**Recorded information:**
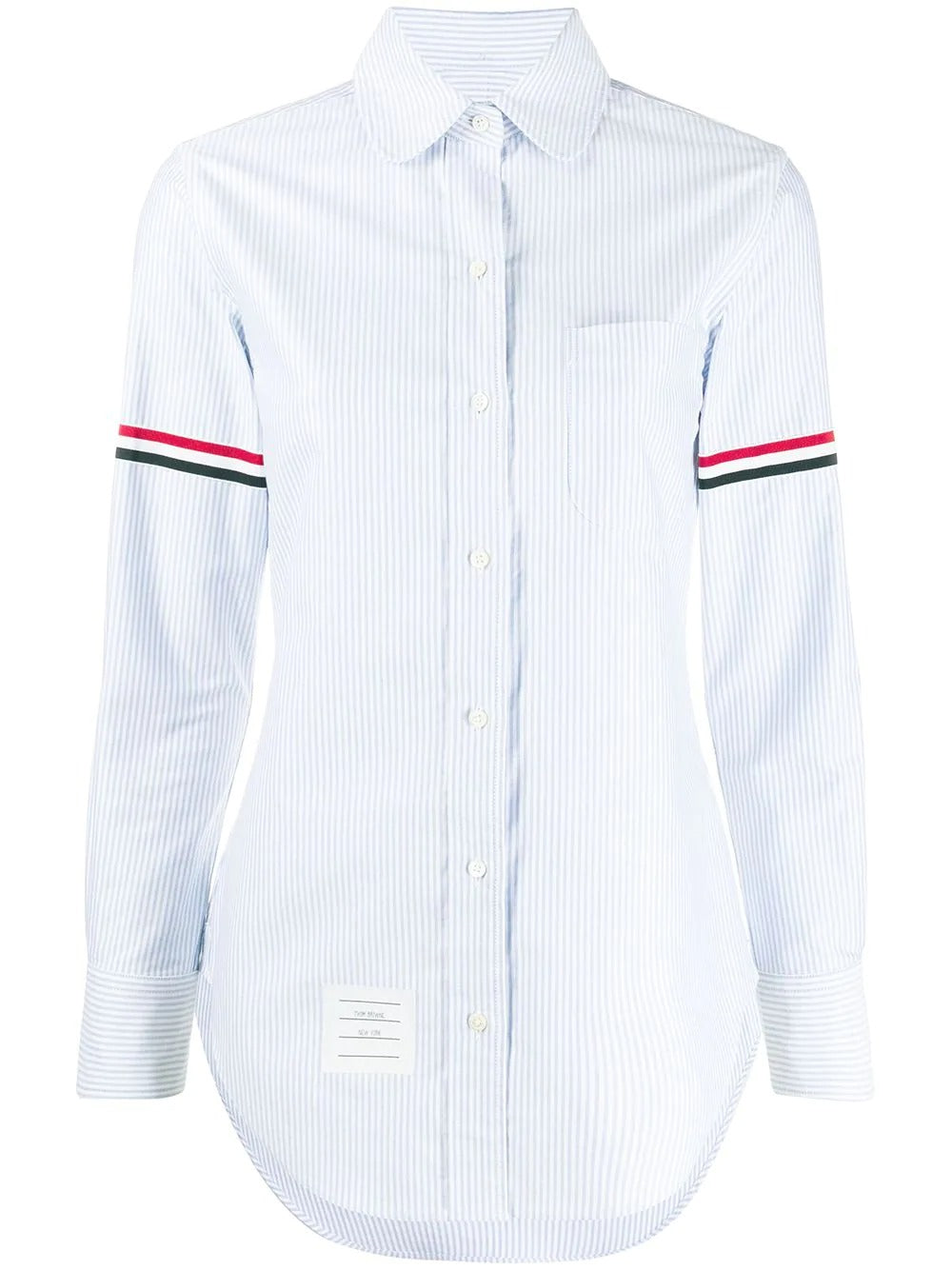 ThomBrowne-UniversityStripeOxfordGrosgrainArmbandLongSleeveShirt-LightBlue-1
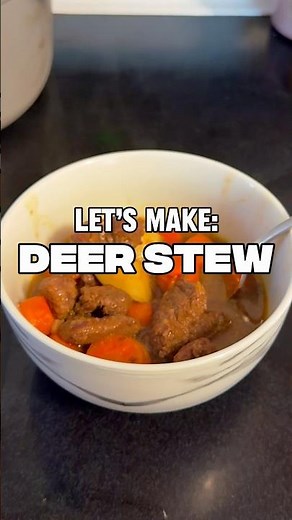 The BEST Way to Cook Deer Meat (Venison Stew)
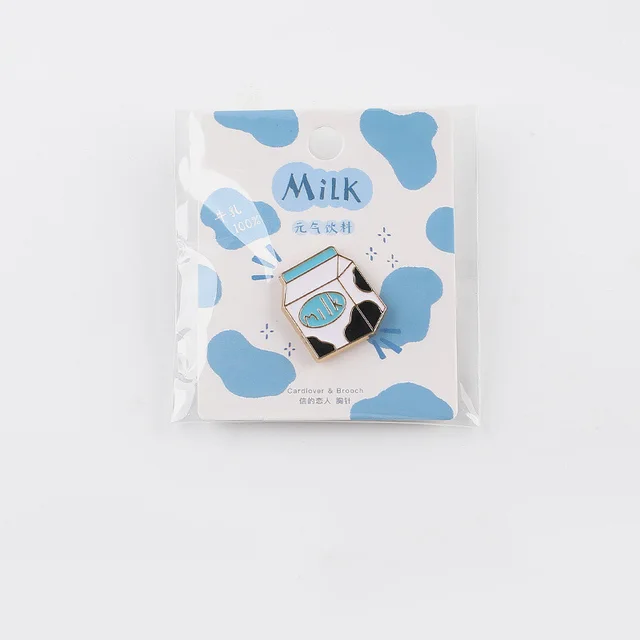 Letter Lover Brooch Sweetheart Cute Pet Vitality Drink Milk - Shop at LoveMi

**Brief:**
No picture should be included when the data are set down again exactly.

**Output for this task:**
 ThomBrowne-UniversityStripeOxfordGrosgrainArmbandLongSleeveShirt-LightBlue-1
 The BEST Way to Cook Deer Meat (Venison Stew)
 Letter Lover Brooch Sweetheart Cute Pet Vitality Drink Milk - Shop at LoveMi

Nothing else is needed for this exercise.